Rokesly council school, on the south corner of Rokesly Avenue and Hermiston Avenue, opened for 480 infants in 1934. (fn. 153) An adjoining junior school for 480, on a restricted site and with a circular assembly hall, (fn. 154) opened in 1953. (fn. 155) In 1975 there were 397 juniors and 280 infants on the rolls.
Primary schools founded after 1945. (fn. 156)
Tetherdown junior mixed and infants' school opened in 1947, in buildings formerly used by Tollington preparatory school. In 1958 it moved to the old Tollington girls' school in Grand Avenue, where in 1975 there were 270 children on the roll.

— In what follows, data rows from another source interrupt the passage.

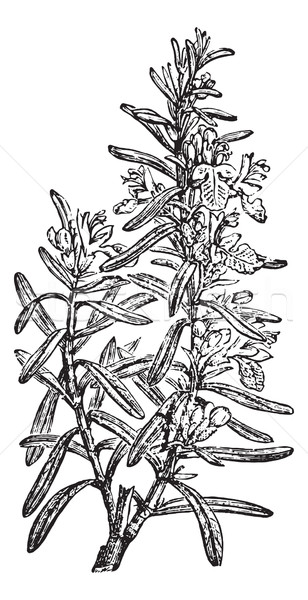 Rosemary or Rosmarinus officinalis, vintage engraving. Stock photo © Morphart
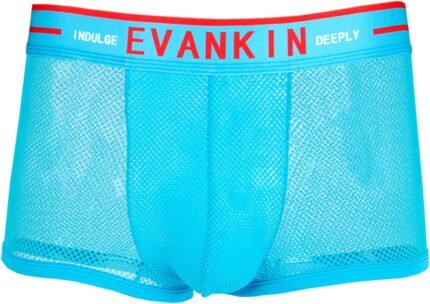 Evankin Men’s Mesh Underwear Sexy Boxer Briefs Breathable Trunks Lingerie Wide Waistband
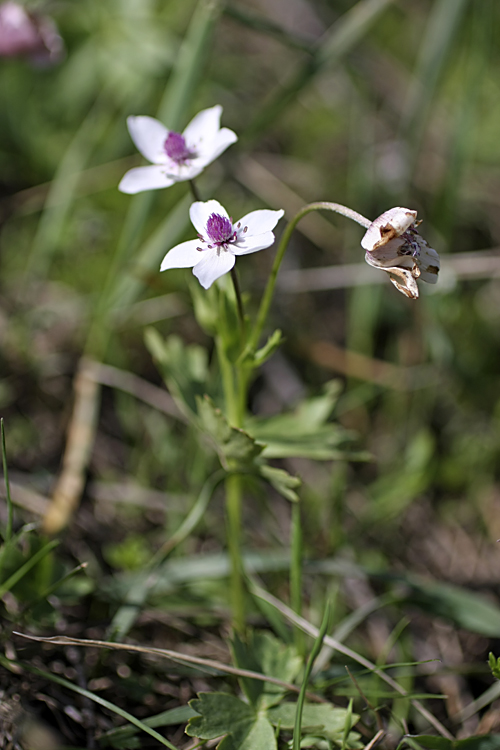 Изображение особи Anemone tschernaewii.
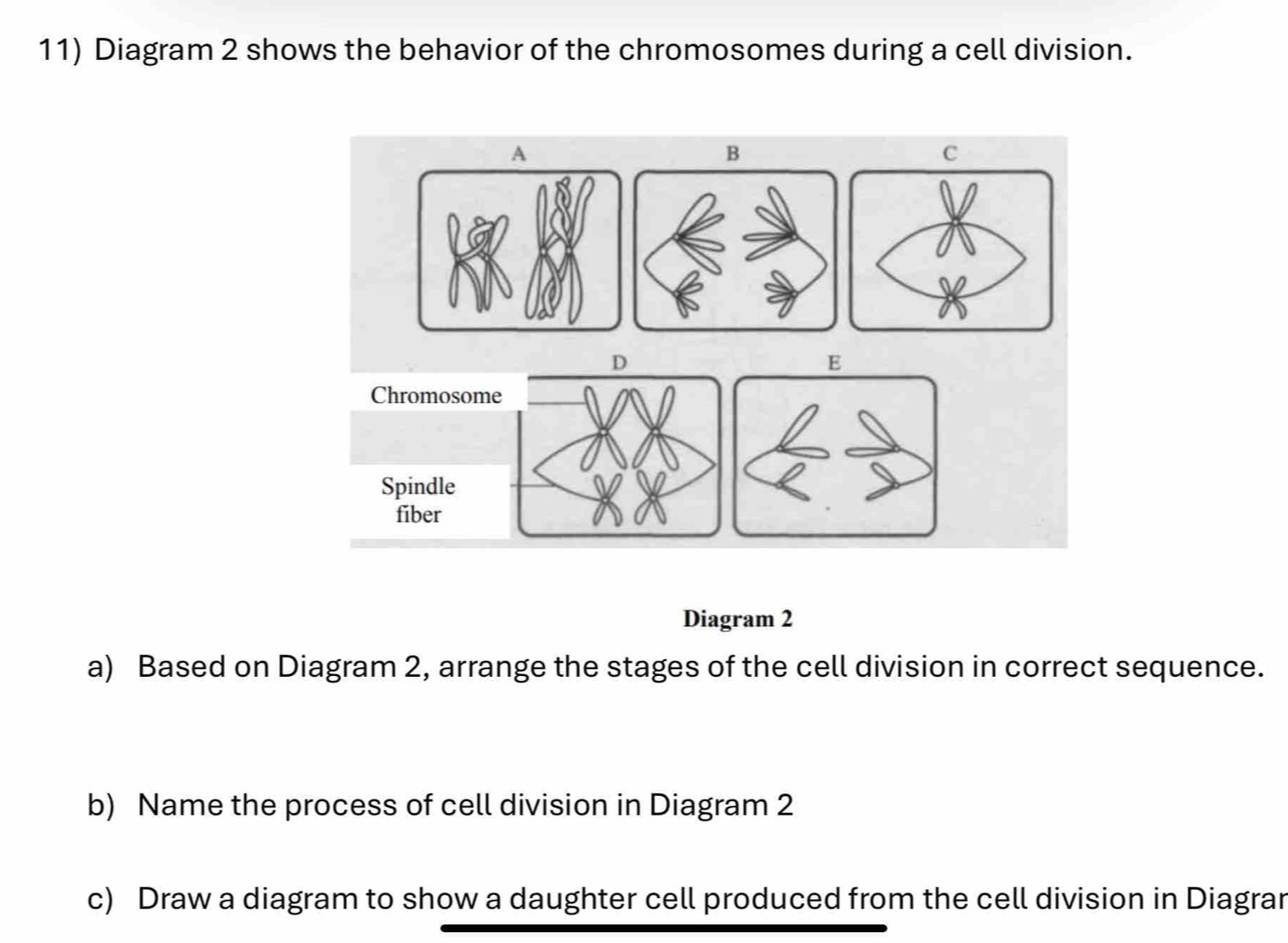 Diagram 2 shows the behavior of the chromosomes during a cell division. 
A 
B 
C 
D 
E 
Chromosome 
Spindle 
fiber 
Diagram 2 
a) Based on Diagram 2, arrange the stages of the cell division in correct sequence. 
b) Name the process of cell division in Diagram 2 
c) Draw a diagram to show a daughter cell produced from the cell division in Diagrar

St. Aidan's junior mixed and infants' school, Albany Road, was formed in 1948 when senior girls moved from St. Aidan's, formerly Stroud Green and Hornsey, high school. A new building was opened in 1972 but the old yellow-brick hall was retained in 1975, when St. Aidan's was Voluntary Aided and had 215 children on the roll.
St. Peter-in-Chains Roman Catholic school for infants was open by 1959 (fn. 157) in Elm Grove, close to St. Gilda's junior school. Originally independent, it was Voluntary Aided in 1969 (fn. 158) and had 206 infants on the roll in 1975.
Our Lady of Muswell Roman Catholic school opened in 1959 in the former buildings of St. Martin's convent school, Page's Lane. It was a Voluntary Aided junior mixed and infants' school, with 350 children on the roll in 1975.
Secondary and senior schools founded before 1967.
A grammar school for 'sons of parents of limited means' occupied an iron room adjoining Holy Trinity church, Stroud Green, in 1890. It had a junior department in 1909, when prospectuses were available at the Vicarage. A Baptist grammar school used the Victoria hall, Stapleton Hall Road, also in 1890. (fn. 159)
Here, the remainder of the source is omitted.